* [TASK BRIEF]:
A word-for-word copy of the whole listing is required.

* [RECORDS FOR THE EXERCISE]:
/---

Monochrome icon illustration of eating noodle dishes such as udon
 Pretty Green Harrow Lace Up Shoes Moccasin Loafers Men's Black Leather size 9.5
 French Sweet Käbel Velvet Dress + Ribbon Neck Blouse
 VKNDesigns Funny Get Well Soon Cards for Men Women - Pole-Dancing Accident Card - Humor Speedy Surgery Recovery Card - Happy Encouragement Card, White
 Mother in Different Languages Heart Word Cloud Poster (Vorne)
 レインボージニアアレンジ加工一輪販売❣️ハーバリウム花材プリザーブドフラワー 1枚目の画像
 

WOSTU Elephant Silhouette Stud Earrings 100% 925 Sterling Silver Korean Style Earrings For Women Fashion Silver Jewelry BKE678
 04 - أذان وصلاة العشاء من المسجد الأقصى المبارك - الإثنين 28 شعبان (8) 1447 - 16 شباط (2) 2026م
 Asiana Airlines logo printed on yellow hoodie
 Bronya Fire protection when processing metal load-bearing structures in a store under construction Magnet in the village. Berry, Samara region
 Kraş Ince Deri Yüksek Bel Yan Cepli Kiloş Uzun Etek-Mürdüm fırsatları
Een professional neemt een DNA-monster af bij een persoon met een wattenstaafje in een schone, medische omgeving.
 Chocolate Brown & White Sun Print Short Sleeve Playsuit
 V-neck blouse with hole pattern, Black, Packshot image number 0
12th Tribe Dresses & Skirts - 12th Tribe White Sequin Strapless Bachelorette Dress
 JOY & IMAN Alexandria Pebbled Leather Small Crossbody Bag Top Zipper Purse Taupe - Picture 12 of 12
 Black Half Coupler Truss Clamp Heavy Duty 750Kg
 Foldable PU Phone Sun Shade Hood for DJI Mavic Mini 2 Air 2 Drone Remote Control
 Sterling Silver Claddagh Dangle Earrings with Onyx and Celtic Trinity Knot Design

\---

* [TASK SOLUTION]:
Monochrome icon illustration of eating noodle dishes such as udon
 Pretty Green Harrow Lace Up Shoes Moccasin Loafers Men's Black Leather size 9.5
 French Sweet Käbel Velvet Dress + Ribbon Neck Blouse
 VKNDesigns Funny Get Well Soon Cards for Men Women - Pole-Dancing Accident Card - Humor Speedy Surgery Recovery Card - Happy Encouragement Card, White
 Mother in Different Languages Heart Word Cloud Poster (Vorne)
 レインボージニアアレンジ加工一輪販売❣️ハーバリウム花材プリザーブドフラワー 1枚目の画像
 

WOSTU Elephant Silhouette Stud Earrings 100% 925 Sterling Silver Korean Style Earrings For Women Fashion Silver Jewelry BKE678
 04 - أذان وصلاة العشاء من المسجد الأقصى المبارك - الإثنين 28 شعبان (8) 1447 - 16 شباط (2) 2026م
 Asiana Airlines logo printed on yellow hoodie
 Bronya Fire protection when processing metal load-bearing structures in a store under construction Magnet in the village. Berry, Samara region
 Kraş Ince Deri Yüksek Bel Yan Cepli Kiloş Uzun Etek-Mürdüm fırsatları
Een professional neemt een DNA-monster af bij een persoon met een wattenstaafje in een schone, medische omgeving.
 Chocolate Brown & White Sun Print Short Sleeve Playsuit
 V-neck blouse with hole pattern, Black, Packshot image number 0
12th Tribe Dresses & Skirts - 12th Tribe White Sequin Strapless Bachelorette Dress
 JOY & IMAN Alexandria Pebbled Leather Small Crossbody Bag Top Zipper Purse Taupe - Picture 12 of 12
 Black Half Coupler Truss Clamp Heavy Duty 750Kg
 Foldable PU Phone Sun Shade Hood for DJI Mavic Mini 2 Air 2 Drone Remote Control
 Sterling Silver Claddagh Dangle Earrings with Onyx and Celtic Trinity Knot Design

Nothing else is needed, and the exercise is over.